Task — All the lines below should be set down exactly, with no picture carried into the copy.

Collected material —

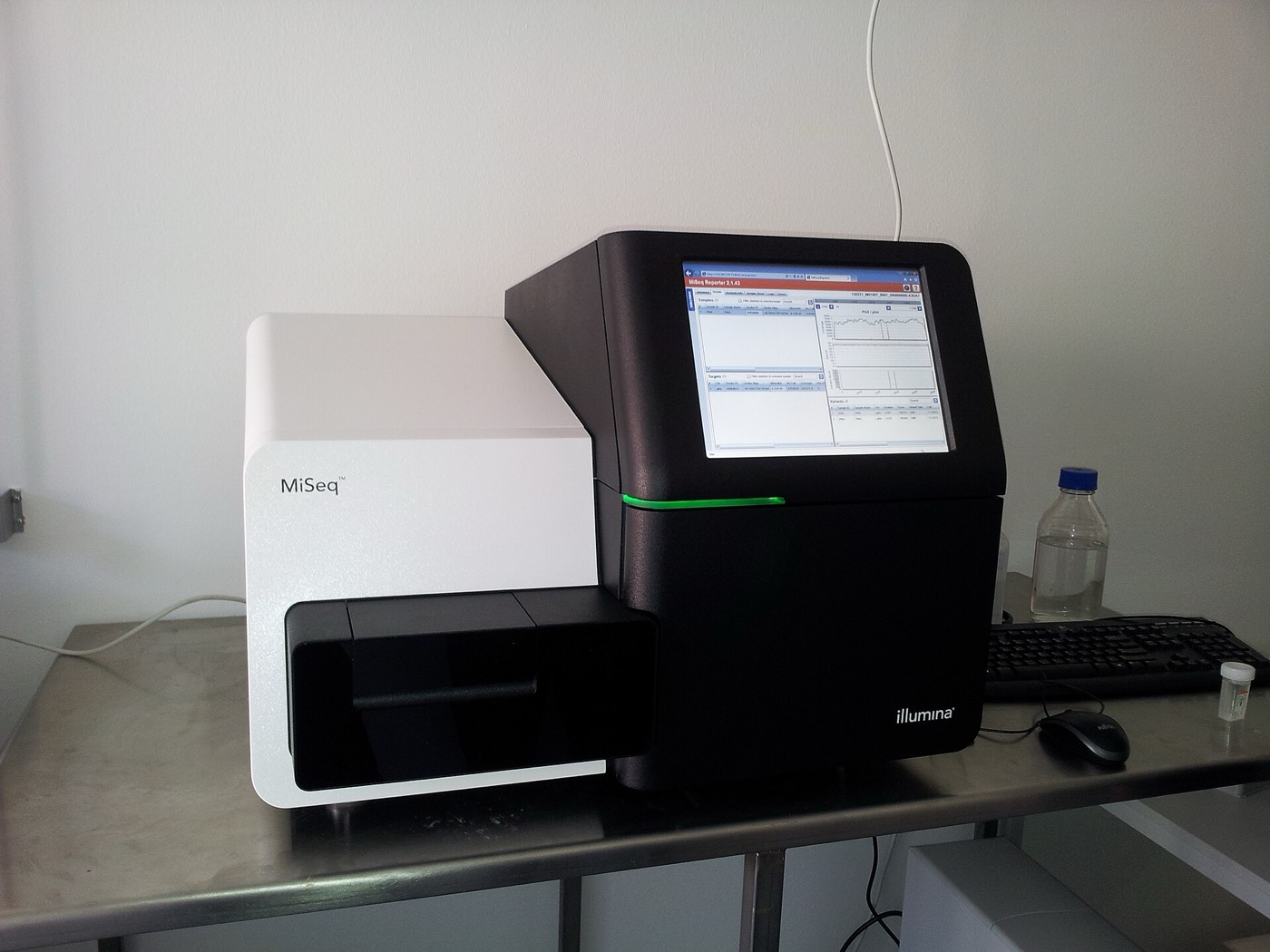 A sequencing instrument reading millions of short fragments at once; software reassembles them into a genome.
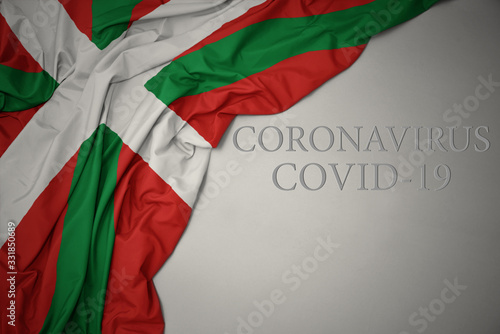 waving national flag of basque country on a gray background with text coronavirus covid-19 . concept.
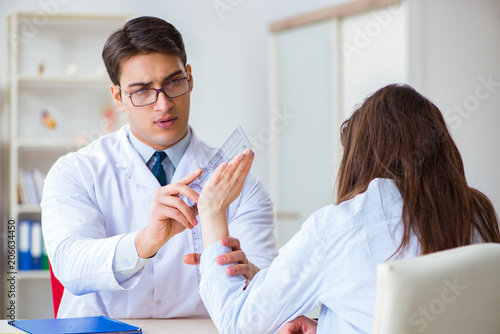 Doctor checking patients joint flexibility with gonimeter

Output for this exercise —
 A sequencing instrument reading millions of short fragments at once; software reassembles them into a genome.
 waving national flag of basque country on a gray background with text coronavirus covid-19 . concept.
 Doctor checking patients joint flexibility with gonimeter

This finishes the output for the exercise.